→ **TASK**
Below is a block of entries; repeat exactly the lines starting at the line that contains "Boltworkforce logo" and ending at the line that contains "NIBOSI 1985bulingbuling INS", both included.

Start of Block

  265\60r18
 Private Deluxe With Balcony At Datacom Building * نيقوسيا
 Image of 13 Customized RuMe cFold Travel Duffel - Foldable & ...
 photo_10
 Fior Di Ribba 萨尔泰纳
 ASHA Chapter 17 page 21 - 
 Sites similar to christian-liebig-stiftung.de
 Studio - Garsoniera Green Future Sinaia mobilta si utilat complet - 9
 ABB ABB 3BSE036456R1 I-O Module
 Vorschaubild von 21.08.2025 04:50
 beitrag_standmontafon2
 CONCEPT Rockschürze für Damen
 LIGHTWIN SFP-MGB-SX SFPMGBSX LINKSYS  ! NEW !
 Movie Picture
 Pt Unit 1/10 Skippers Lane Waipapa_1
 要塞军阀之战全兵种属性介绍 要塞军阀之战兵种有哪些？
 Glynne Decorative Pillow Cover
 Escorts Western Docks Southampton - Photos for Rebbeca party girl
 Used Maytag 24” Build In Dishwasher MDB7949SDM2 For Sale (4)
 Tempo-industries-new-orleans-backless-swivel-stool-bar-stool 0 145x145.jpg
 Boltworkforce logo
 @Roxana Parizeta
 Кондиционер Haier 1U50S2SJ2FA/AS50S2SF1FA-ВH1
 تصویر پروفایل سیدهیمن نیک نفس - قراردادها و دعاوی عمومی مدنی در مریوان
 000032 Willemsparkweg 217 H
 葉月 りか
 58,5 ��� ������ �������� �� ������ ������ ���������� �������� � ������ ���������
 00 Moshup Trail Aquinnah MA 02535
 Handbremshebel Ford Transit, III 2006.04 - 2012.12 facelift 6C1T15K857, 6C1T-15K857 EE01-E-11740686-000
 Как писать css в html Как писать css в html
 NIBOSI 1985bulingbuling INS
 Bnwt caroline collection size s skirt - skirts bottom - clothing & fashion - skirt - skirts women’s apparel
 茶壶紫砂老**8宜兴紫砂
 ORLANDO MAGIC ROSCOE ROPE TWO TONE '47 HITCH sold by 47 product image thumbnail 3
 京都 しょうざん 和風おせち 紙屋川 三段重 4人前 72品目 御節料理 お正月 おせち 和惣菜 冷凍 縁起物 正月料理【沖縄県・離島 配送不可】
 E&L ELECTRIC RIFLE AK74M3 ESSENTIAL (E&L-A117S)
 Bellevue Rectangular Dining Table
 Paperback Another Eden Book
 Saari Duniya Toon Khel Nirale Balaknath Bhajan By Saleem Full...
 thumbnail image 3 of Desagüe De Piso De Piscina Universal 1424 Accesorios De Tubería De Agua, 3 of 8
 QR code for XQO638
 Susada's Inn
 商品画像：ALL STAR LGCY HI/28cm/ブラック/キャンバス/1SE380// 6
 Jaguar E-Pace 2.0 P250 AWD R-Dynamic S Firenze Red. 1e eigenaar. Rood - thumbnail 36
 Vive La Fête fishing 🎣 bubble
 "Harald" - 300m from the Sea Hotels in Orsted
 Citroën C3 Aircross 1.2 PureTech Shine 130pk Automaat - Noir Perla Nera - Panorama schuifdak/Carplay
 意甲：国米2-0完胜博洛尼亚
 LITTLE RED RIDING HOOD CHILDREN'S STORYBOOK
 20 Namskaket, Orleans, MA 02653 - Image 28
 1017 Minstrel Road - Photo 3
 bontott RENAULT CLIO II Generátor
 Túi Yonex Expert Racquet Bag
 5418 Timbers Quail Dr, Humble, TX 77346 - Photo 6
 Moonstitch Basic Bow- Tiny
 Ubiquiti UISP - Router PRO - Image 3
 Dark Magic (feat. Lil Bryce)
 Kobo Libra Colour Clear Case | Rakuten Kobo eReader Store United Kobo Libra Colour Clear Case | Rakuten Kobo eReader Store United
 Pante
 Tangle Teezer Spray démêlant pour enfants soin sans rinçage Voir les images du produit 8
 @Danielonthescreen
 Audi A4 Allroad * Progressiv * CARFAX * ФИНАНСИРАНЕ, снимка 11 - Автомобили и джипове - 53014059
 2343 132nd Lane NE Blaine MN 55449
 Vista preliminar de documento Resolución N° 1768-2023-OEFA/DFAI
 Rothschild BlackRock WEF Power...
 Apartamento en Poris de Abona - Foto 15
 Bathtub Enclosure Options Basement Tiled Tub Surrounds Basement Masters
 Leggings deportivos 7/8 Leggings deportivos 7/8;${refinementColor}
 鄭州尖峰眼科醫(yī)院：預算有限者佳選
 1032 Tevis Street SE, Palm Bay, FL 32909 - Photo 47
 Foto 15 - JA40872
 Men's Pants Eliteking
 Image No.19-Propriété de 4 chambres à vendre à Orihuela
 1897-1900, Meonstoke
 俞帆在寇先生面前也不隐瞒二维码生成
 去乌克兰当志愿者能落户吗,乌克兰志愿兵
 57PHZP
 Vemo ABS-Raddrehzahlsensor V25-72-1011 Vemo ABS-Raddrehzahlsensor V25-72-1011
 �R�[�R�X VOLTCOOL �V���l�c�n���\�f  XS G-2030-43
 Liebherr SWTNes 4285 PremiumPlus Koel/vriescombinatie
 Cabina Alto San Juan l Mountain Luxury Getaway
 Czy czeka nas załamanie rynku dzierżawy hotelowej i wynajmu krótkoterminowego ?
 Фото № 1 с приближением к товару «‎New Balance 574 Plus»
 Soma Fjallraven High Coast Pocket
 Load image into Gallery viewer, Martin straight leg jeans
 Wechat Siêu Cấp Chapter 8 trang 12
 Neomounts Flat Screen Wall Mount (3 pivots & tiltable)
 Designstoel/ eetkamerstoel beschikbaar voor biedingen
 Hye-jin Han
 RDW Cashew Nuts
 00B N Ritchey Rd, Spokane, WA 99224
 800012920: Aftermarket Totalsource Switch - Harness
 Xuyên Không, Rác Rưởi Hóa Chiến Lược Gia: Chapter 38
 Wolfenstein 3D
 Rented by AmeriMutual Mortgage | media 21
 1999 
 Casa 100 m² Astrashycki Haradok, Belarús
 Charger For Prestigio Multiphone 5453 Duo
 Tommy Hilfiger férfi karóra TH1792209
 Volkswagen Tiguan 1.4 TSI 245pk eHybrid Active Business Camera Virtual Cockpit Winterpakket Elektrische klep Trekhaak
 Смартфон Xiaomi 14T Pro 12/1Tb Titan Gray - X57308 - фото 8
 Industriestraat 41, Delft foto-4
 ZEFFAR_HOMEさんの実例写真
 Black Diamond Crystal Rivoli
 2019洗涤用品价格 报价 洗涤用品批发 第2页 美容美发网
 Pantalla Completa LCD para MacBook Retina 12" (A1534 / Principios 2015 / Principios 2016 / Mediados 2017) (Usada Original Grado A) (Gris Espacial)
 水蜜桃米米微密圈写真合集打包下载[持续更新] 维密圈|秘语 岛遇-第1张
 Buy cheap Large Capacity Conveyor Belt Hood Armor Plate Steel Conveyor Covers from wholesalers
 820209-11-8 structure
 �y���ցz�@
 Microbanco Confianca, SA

End of Block

→ **RESULT FOR THIS EXERCISE**
 Boltworkforce logo
 @Roxana Parizeta
 Кондиционер Haier 1U50S2SJ2FA/AS50S2SF1FA-ВH1
 تصویر پروفایل سیدهیمن نیک نفس - قراردادها و دعاوی عمومی مدنی در مریوان
 000032 Willemsparkweg 217 H
 葉月 りか
 58,5 ��� ������ �������� �� ������ ������ ���������� �������� � ������ ���������
 00 Moshup Trail Aquinnah MA 02535
 Handbremshebel Ford Transit, III 2006.04 - 2012.12 facelift 6C1T15K857, 6C1T-15K857 EE01-E-11740686-000
 Как писать css в html Как писать css в html
 NIBOSI 1985bulingbuling INS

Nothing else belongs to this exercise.